Work item:
Exactly the lines from the one containing "Polyester Cotton Blue Modi Nehru Jacket" through the final line of the data below, with pictures omitted, make up the answer.

Data supplied: Begin

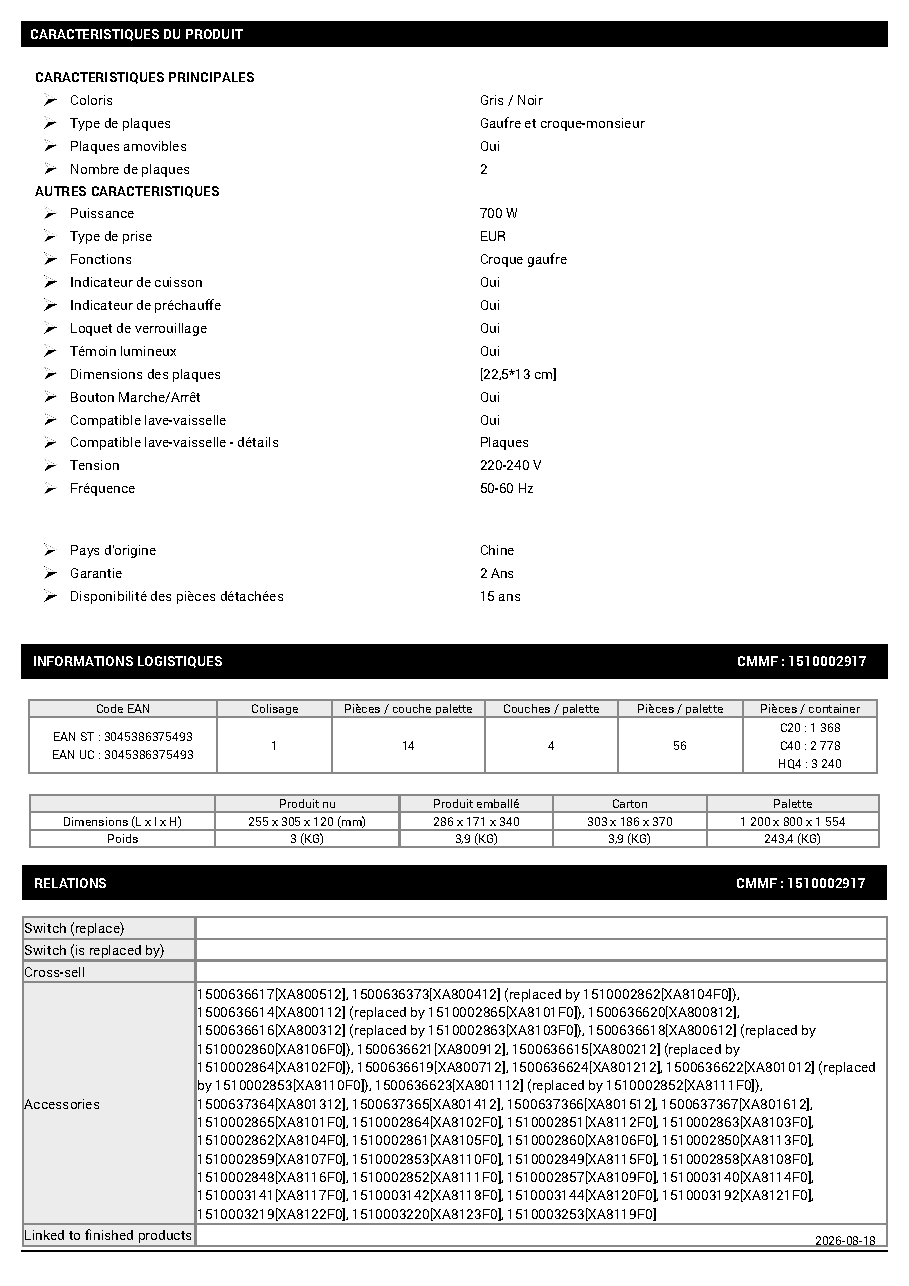 Fiche technique fournisseur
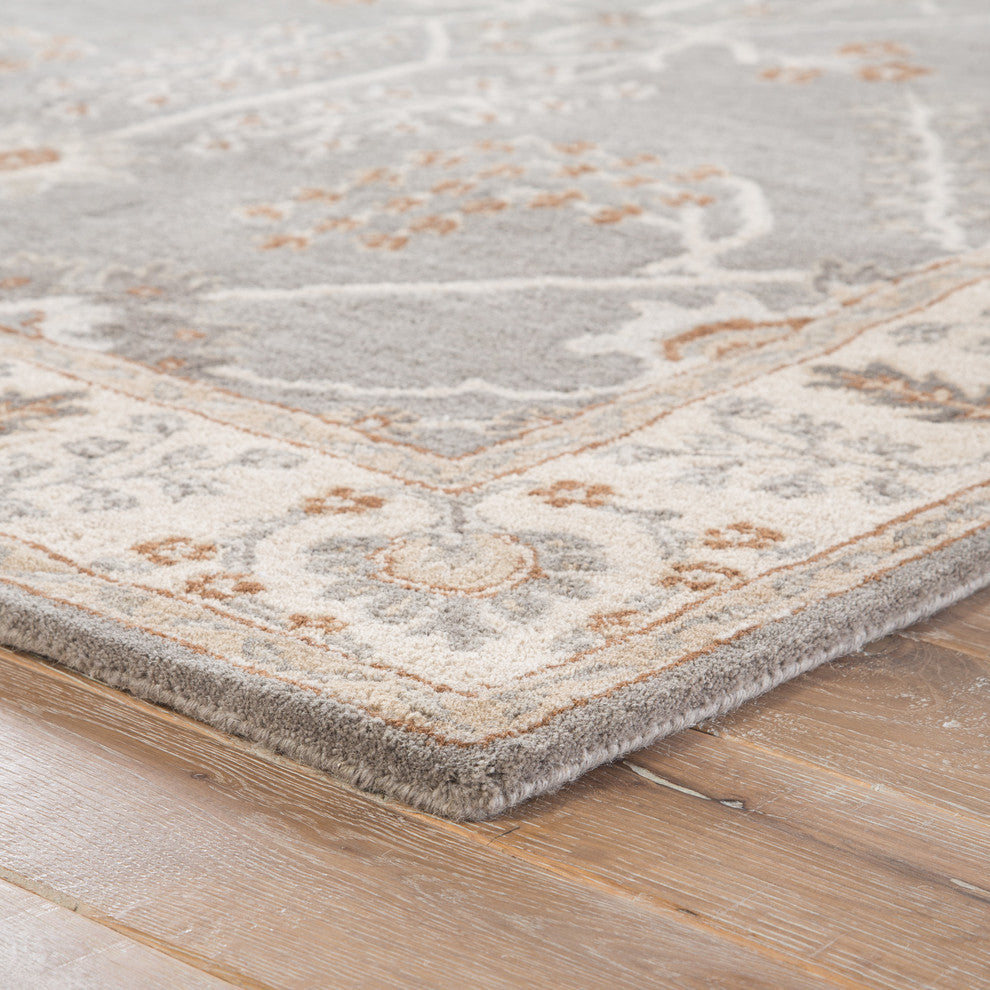 Jaipur Living Chambery Handmade Floral Gray/Beige Area Rug, 8'x10'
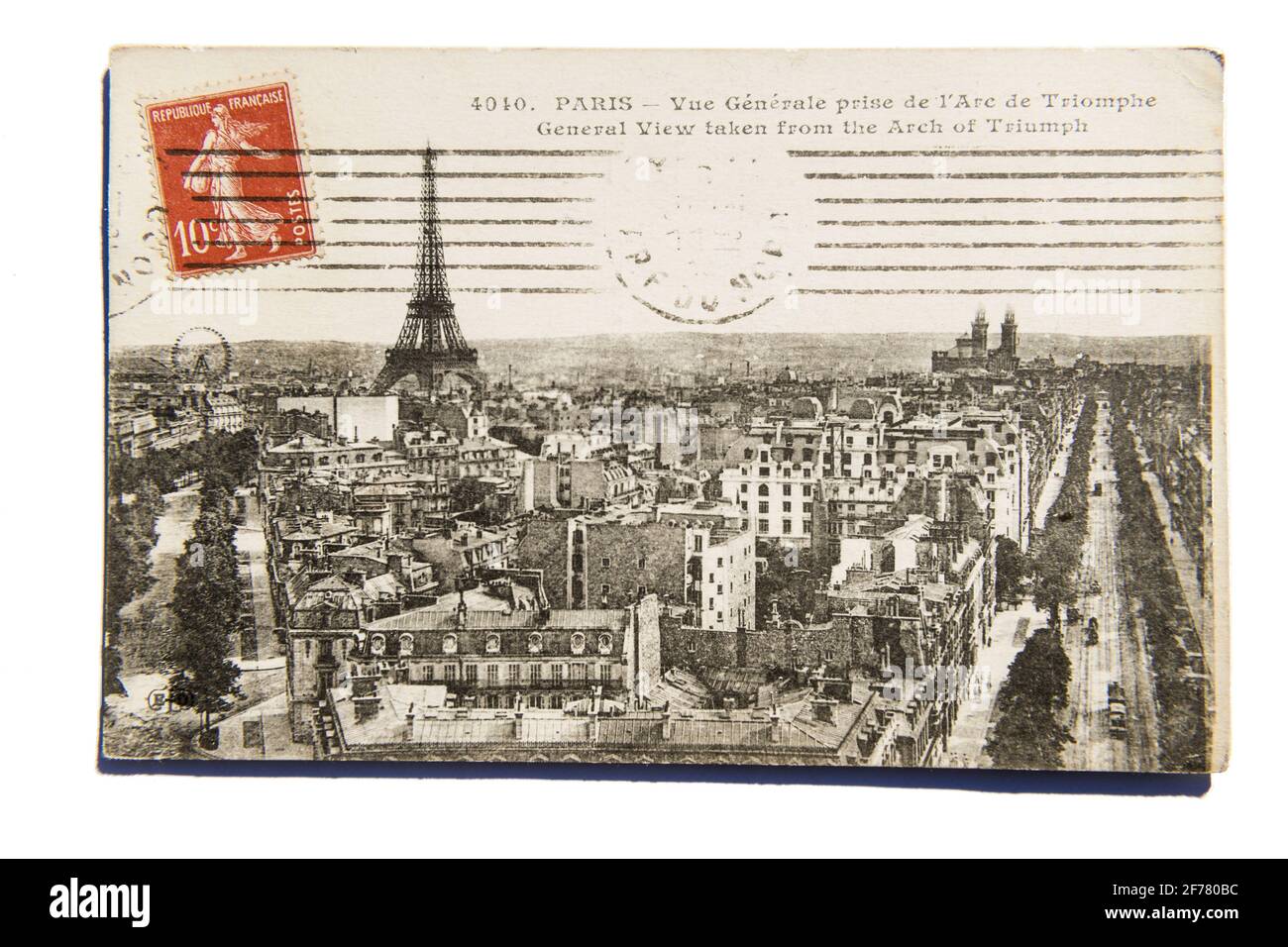 France, Paris (75), quartier Grenelle, ancienne carte postale (1924) avec la Tour Eiffel Banque D'Images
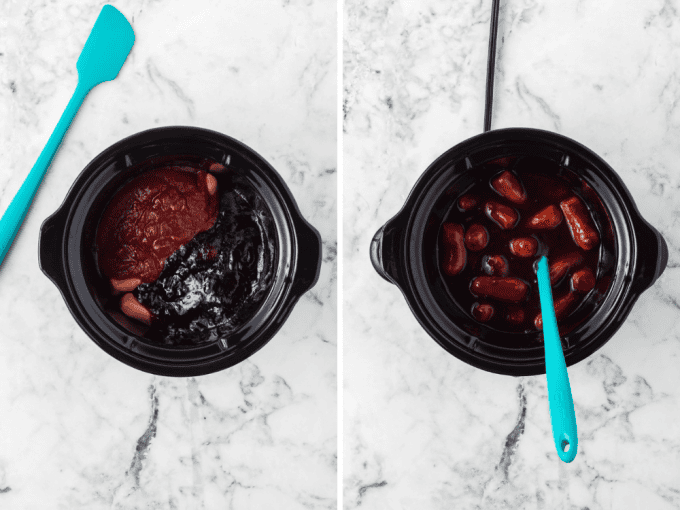 Grape jelly, chili sauce, cocktail sausages in slow cookers with a spatula.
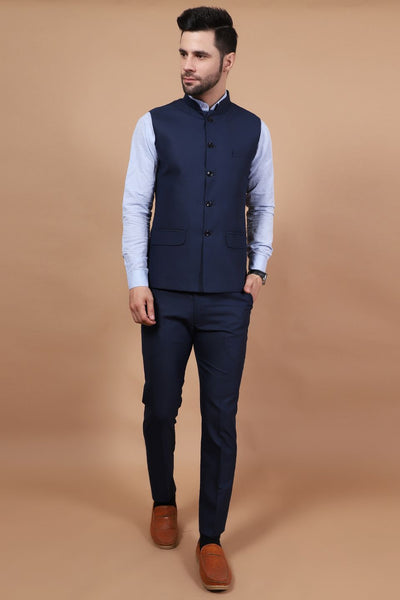 Polyester Cotton Blue Modi Nehru Jacket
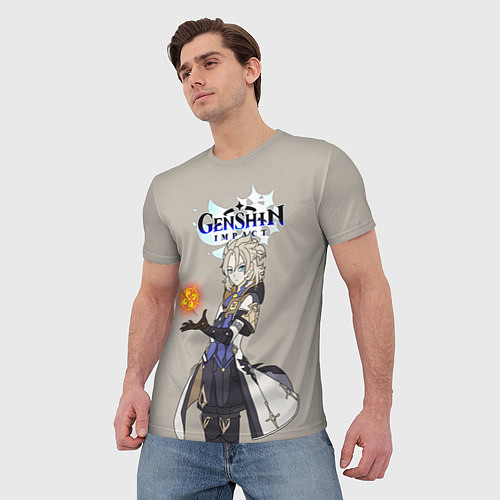 Мужская футболка Genshin impactАльбедо / 3D-принт – фото 3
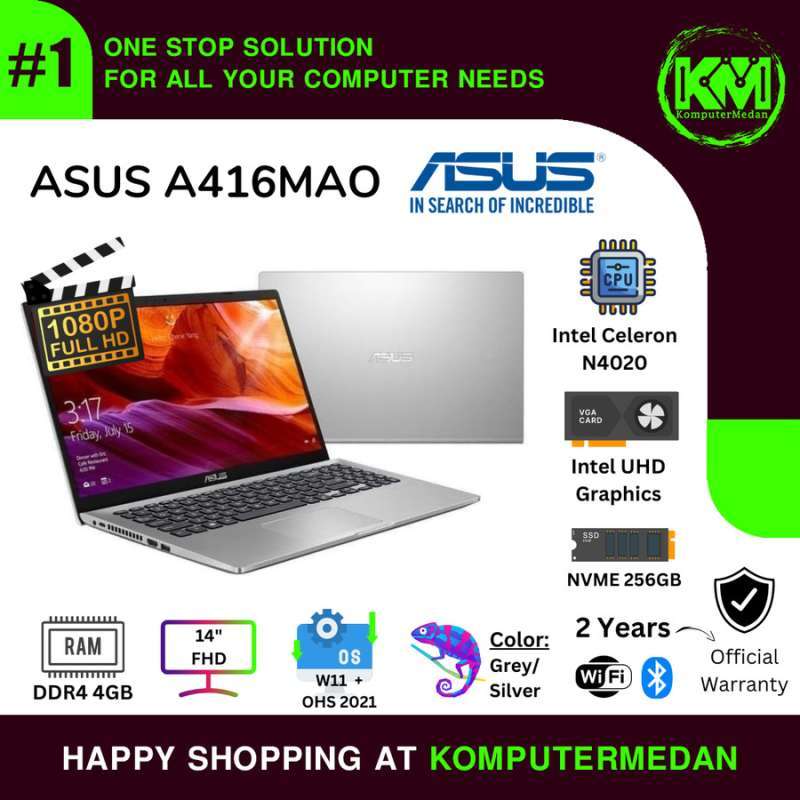 ASUS A416MAO di Medan untuk Pelajar dan Profesional dengan Layar 14 Inci FHD, RAM 4GB, SSD 256GB, Windows 11, dan Backlit Keyboard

Data supplied: End

Reply:
 Polyester Cotton Blue Modi Nehru Jacket
 Мужская футболка Genshin impactАльбедо / 3D-принт – фото 3
 ASUS A416MAO di Medan untuk Pelajar dan Profesional dengan Layar 14 Inci FHD, RAM 4GB, SSD 256GB, Windows 11, dan Backlit Keyboard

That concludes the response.